WHAT YOU SHOULD DO - Repeat exactly the line containing "Spódnica Mango, Rozmiar" and every line after it in the entries, and nothing besides.

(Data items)
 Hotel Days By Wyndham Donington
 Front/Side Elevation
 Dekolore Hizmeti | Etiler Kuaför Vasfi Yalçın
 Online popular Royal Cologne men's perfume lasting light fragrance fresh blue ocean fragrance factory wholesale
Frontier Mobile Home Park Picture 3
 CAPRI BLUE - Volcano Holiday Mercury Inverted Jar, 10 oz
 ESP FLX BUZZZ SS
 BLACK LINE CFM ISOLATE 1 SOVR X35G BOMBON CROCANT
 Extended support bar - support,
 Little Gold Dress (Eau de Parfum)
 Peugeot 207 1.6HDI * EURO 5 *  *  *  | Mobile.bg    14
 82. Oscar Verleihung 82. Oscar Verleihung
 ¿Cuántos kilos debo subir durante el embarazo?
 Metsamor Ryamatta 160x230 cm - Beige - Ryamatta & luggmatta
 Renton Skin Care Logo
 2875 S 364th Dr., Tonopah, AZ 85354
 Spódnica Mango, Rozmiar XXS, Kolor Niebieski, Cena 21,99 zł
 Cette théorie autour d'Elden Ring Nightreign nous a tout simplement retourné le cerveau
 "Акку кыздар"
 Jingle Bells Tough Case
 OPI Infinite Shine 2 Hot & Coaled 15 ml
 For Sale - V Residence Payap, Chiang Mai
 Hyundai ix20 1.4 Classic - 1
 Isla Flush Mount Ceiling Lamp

RESPONSE -
 Spódnica Mango, Rozmiar XXS, Kolor Niebieski, Cena 21,99 zł
 Cette théorie autour d'Elden Ring Nightreign nous a tout simplement retourné le cerveau
 "Акку кыздар"
 Jingle Bells Tough Case
 OPI Infinite Shine 2 Hot & Coaled 15 ml
 For Sale - V Residence Payap, Chiang Mai
 Hyundai ix20 1.4 Classic - 1
 Isla Flush Mount Ceiling Lamp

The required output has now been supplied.